Chagford, in the heart of Devon, lies on the edge of legendary Dartmoor National Park and is close to the beautiful River Teign. Easily accessible from Exeter, it is an important stopping point for visitors venturing to the picturesque South West of England. As a famous Stannary town, Chagford has an exciting and vibrant history and, over hundreds of years, has evolved into a very special, popular and charming place you won’t want to miss!
Archaeological remains confirm that a community has existed here for at least 4000 years. In historical times, Chagford grew due to the wool trade and from tin mining in the area, and in 1305 was made a stannary town where tin was traded. Among the most prominent tin-mining families in the 16th century were the Endecotts, Knapmans, Whiddons and Lethbridges. A cattle market in the town survived until the 1980s.
In a Civil War skirmish Sydney Godolphin, the poet and Royalist MP for Helston, was shot and killed in the porch of the Three Crowns.
In 1987, the New Scientist reported that Chagford contained “the most radioactive loo in the world”, a reference to the high levels of Radon gas in this granite area.

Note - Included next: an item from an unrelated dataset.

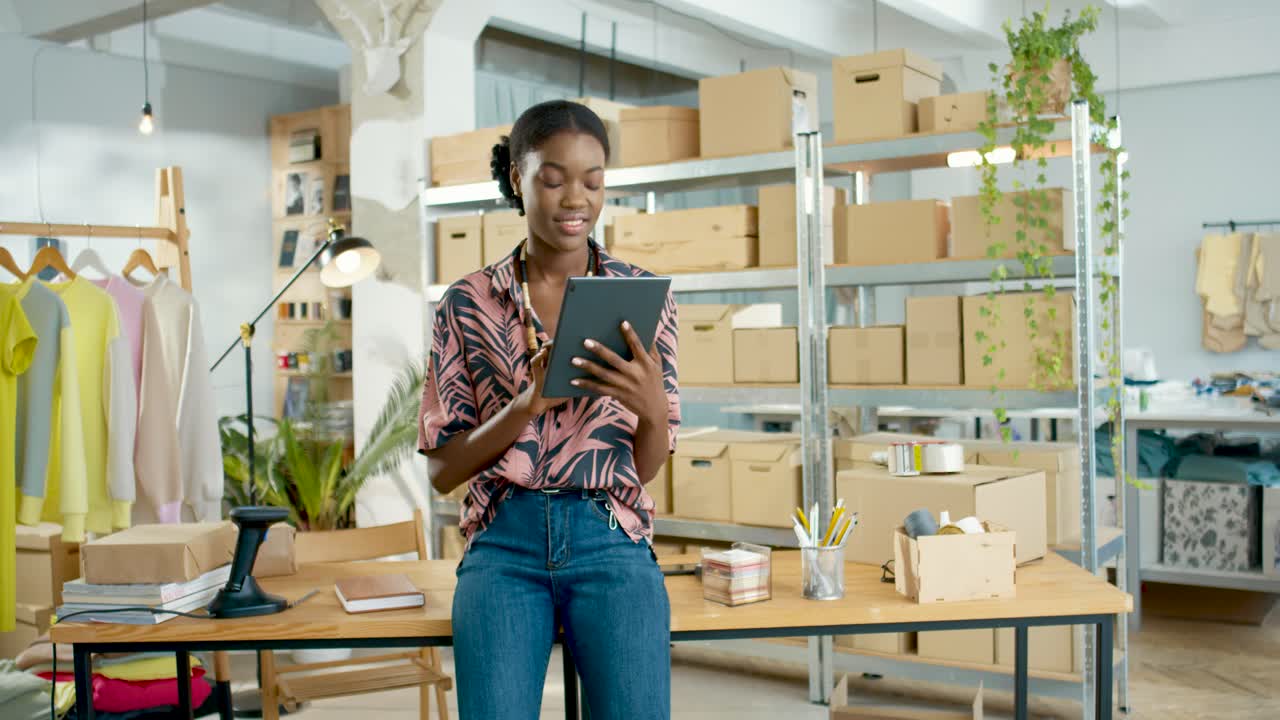African American designer woman usign a tablet leaning on the table in a fashion clothing store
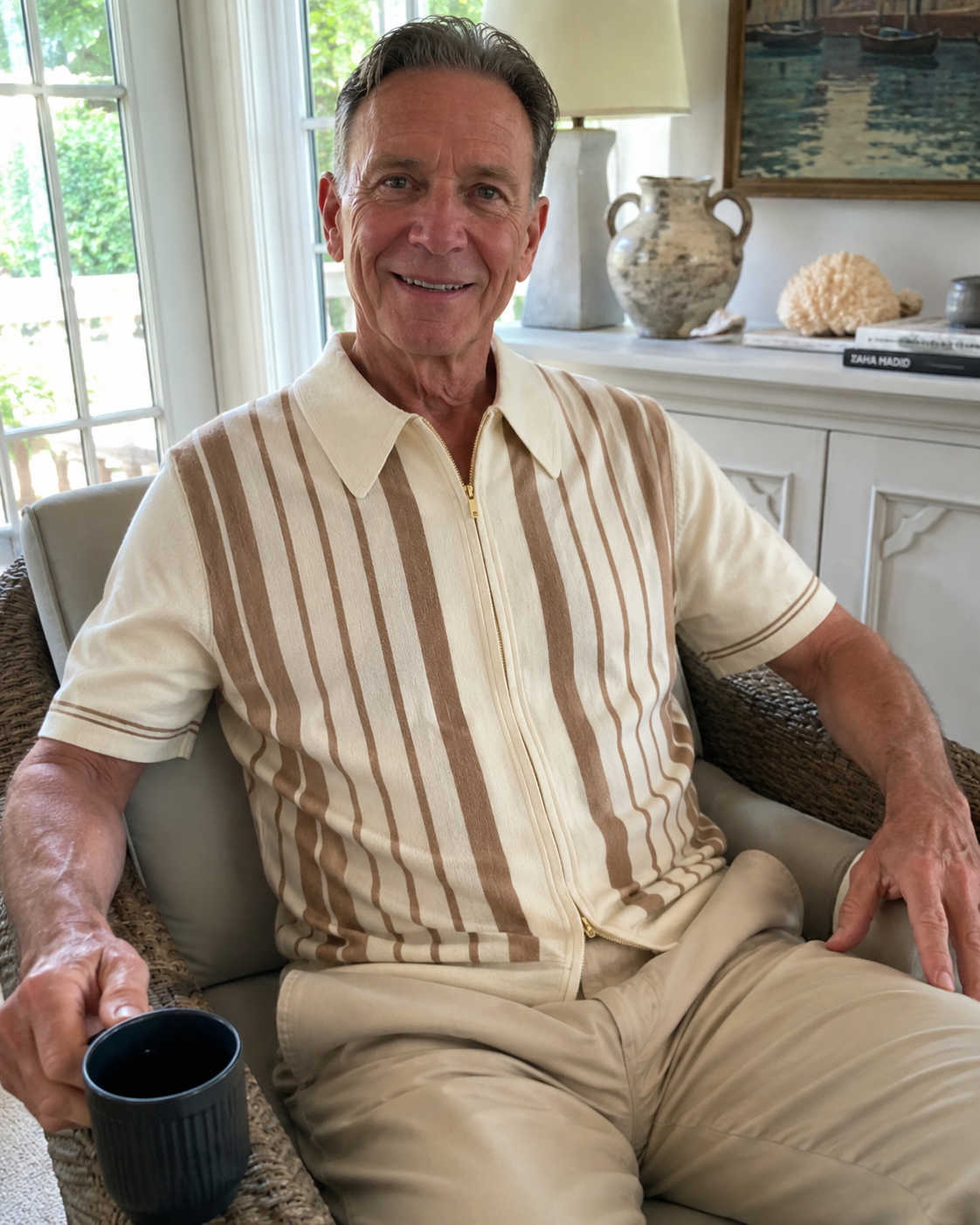 Sunroom style photo of a man over 40 wearing the Riviera striped cotton knit zip polo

Today Chagford is a thriving community with high property prices, busy streets, and an unusually wide range of shops for a town of this size. It is also known for its vibrant arts community, celebrated through the autumn Chagford Film Festival, the springtime Chagword literary festival (every two years), the summer’s Chagstock Music Festival, the annual Wonderworks crafts weekend, and other regular cultural events. The two large hardware stores in the town square have been run by the same two families for many years, but one of these is set to close in 2016, as is the Post Office. There are several tea rooms and whole food cafés, one restaurant, and several pubs. There are numerous guest houses and hotels in the surrounding countryside. These provide accommodation for the large influx of visitors during the year.